··· DATA FOR PROCESSING
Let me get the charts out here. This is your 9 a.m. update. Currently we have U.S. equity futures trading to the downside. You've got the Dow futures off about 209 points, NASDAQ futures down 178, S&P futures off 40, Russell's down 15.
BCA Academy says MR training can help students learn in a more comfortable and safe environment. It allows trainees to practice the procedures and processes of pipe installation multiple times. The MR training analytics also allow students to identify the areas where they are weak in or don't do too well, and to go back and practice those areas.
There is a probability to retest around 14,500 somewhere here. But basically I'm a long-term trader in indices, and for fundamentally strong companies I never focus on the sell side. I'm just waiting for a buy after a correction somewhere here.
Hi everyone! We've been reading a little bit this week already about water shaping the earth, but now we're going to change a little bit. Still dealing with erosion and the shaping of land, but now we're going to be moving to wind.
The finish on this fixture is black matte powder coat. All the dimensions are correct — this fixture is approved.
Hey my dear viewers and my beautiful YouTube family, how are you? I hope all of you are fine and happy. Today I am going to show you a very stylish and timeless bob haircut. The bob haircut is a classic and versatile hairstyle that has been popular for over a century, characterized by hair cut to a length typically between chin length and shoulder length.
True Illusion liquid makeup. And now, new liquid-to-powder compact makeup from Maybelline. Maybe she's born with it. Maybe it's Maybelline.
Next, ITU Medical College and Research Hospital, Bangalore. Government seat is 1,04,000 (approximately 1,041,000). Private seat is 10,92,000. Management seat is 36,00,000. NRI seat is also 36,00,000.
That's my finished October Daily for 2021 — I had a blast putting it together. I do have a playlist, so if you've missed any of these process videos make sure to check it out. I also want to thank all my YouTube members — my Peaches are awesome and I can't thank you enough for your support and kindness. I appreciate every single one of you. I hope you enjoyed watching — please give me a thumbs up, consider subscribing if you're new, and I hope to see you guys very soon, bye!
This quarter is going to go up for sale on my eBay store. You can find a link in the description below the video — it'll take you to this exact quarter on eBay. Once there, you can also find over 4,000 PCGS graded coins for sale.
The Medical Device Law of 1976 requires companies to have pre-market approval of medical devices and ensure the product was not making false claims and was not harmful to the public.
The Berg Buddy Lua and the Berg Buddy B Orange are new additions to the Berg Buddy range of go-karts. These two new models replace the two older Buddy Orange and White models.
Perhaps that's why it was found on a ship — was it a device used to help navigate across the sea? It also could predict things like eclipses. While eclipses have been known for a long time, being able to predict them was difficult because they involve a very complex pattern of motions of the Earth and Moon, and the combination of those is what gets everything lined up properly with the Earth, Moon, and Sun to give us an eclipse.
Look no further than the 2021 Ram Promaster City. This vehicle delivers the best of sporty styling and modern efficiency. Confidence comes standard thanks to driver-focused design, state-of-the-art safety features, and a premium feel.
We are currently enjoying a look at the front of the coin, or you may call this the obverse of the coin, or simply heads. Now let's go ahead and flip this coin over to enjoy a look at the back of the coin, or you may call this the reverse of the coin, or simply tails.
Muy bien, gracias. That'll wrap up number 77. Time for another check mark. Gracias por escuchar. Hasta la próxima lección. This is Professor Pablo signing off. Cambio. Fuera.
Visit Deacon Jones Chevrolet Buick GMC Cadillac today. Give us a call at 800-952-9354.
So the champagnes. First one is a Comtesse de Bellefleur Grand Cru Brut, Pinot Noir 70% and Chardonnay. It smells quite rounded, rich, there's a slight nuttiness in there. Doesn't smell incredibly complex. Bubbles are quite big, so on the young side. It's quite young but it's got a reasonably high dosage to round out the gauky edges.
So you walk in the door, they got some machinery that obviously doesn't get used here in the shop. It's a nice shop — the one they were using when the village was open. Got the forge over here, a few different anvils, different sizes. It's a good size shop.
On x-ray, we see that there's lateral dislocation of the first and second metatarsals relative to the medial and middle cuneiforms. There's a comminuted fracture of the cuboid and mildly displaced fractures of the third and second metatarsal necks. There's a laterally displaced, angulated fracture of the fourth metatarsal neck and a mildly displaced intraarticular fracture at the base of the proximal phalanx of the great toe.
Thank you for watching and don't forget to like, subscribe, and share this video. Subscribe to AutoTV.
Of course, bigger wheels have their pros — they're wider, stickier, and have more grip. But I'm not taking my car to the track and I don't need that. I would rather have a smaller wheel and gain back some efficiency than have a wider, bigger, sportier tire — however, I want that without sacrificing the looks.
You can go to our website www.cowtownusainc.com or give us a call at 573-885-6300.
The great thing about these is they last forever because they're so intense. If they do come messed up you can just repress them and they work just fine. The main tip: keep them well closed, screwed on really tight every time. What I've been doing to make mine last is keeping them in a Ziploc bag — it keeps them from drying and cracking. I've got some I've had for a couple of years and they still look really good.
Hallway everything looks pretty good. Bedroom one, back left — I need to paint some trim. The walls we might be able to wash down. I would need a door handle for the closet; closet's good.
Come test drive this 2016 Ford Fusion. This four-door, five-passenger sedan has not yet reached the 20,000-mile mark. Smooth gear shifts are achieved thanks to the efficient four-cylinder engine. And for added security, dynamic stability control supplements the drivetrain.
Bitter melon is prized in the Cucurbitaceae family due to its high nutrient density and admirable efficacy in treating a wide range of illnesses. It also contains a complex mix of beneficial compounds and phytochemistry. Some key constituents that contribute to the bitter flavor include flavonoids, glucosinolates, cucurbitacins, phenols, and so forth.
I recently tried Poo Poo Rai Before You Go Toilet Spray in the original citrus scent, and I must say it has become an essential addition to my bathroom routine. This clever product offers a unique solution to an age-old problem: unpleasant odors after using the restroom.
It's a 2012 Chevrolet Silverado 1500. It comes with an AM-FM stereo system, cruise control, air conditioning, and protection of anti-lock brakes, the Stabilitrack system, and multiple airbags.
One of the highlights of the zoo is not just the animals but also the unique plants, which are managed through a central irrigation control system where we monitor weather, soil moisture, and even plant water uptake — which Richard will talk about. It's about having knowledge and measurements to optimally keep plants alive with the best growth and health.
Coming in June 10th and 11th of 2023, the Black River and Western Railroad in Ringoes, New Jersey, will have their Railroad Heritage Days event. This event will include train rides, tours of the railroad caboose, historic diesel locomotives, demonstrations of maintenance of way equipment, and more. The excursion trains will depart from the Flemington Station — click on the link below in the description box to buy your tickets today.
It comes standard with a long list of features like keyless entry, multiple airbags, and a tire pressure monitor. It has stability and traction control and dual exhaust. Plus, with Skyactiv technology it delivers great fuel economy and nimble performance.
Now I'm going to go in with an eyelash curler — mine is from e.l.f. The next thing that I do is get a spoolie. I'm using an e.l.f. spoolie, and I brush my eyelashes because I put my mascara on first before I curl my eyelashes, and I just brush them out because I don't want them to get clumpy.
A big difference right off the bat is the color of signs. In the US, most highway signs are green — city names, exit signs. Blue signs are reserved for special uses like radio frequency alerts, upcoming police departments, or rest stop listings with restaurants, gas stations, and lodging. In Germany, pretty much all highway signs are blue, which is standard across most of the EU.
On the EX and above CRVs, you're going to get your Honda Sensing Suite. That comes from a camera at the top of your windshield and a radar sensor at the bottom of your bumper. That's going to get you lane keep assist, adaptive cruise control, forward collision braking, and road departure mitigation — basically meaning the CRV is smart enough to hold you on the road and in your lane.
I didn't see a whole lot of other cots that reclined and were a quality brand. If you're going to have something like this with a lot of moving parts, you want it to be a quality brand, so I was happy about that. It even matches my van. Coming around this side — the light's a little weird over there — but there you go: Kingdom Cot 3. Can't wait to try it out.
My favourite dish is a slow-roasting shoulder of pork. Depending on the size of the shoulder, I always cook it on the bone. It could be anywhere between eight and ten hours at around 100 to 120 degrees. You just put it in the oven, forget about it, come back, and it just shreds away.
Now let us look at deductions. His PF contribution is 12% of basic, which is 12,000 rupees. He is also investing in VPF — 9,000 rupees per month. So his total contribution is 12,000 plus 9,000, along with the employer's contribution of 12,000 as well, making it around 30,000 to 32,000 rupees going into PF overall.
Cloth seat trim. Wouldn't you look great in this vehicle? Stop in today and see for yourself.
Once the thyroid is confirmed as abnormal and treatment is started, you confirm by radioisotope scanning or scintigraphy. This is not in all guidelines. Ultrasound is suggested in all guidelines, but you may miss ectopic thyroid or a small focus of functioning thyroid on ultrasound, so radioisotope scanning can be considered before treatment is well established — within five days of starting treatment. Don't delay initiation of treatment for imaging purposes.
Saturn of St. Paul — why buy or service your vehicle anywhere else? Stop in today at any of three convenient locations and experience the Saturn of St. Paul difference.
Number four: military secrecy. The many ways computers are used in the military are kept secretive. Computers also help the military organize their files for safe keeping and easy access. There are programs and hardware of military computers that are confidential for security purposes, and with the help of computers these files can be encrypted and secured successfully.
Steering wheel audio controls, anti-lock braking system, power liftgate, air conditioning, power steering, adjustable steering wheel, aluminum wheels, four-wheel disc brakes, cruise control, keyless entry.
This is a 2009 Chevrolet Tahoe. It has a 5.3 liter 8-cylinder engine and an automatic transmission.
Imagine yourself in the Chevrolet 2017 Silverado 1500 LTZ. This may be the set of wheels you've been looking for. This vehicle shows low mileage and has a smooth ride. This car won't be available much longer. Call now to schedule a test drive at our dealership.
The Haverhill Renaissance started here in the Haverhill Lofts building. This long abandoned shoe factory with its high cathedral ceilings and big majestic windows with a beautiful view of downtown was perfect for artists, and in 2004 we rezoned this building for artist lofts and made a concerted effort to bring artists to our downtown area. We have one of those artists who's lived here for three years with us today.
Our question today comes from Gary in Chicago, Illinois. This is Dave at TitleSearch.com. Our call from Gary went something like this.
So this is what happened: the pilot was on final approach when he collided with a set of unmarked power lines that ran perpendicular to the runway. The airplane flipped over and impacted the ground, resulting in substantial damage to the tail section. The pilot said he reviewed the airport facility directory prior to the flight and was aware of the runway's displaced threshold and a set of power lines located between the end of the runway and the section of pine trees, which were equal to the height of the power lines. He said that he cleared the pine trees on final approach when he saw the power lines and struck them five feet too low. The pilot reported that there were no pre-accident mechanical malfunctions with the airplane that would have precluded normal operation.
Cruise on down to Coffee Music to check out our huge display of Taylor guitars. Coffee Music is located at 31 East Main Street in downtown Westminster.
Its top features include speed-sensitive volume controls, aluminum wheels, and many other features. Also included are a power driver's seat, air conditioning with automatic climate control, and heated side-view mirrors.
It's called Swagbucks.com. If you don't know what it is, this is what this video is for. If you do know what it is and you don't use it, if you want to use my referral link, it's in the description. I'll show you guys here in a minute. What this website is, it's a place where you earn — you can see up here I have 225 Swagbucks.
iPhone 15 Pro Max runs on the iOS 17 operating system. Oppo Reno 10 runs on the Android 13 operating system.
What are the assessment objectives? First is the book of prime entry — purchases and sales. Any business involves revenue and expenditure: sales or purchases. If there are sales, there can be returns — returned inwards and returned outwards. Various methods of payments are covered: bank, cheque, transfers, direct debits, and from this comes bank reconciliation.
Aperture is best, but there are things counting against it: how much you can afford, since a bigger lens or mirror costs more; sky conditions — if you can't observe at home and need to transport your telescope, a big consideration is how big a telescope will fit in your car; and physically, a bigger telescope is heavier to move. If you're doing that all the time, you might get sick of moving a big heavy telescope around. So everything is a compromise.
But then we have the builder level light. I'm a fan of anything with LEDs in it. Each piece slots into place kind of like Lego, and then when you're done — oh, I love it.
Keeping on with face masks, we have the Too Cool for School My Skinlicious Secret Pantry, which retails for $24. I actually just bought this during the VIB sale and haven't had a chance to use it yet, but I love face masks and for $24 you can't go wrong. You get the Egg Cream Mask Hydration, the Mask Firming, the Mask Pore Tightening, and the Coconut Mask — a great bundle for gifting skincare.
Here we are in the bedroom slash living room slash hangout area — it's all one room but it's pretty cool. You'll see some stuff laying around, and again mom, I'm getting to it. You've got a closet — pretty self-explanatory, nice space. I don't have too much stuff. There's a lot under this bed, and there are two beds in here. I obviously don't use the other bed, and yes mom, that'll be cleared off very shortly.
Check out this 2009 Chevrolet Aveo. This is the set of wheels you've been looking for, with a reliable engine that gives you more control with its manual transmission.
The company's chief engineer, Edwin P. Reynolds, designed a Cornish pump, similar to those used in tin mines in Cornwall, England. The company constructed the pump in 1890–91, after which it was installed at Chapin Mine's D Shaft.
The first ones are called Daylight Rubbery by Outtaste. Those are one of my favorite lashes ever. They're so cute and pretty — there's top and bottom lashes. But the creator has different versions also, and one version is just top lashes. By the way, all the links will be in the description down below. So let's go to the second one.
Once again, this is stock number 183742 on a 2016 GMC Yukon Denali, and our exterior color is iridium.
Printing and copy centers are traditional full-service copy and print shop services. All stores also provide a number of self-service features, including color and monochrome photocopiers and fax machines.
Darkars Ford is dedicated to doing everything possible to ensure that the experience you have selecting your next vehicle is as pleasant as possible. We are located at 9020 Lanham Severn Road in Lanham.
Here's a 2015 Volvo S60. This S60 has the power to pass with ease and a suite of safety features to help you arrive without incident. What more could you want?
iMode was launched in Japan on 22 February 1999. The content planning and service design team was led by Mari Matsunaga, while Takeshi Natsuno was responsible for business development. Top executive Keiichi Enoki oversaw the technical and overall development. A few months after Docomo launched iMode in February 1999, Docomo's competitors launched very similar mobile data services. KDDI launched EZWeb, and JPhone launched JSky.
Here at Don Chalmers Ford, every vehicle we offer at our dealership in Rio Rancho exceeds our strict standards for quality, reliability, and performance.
······
YOUR GOAL
Given the records above, restate word for word only the lines starting at the one with "My favourite dish" and ending at the one with "Saturn of St. Paul —".

OUTPUT OF THE EXERCISE
My favourite dish is a slow-roasting shoulder of pork. Depending on the size of the shoulder, I always cook it on the bone. It could be anywhere between eight and ten hours at around 100 to 120 degrees. You just put it in the oven, forget about it, come back, and it just shreds away.
Now let us look at deductions. His PF contribution is 12% of basic, which is 12,000 rupees. He is also investing in VPF — 9,000 rupees per month. So his total contribution is 12,000 plus 9,000, along with the employer's contribution of 12,000 as well, making it around 30,000 to 32,000 rupees going into PF overall.
Cloth seat trim. Wouldn't you look great in this vehicle? Stop in today and see for yourself.
Once the thyroid is confirmed as abnormal and treatment is started, you confirm by radioisotope scanning or scintigraphy. This is not in all guidelines. Ultrasound is suggested in all guidelines, but you may miss ectopic thyroid or a small focus of functioning thyroid on ultrasound, so radioisotope scanning can be considered before treatment is well established — within five days of starting treatment. Don't delay initiation of treatment for imaging purposes.
Saturn of St. Paul — why buy or service your vehicle anywhere else? Stop in today at any of three convenient locations and experience the Saturn of St. Paul difference.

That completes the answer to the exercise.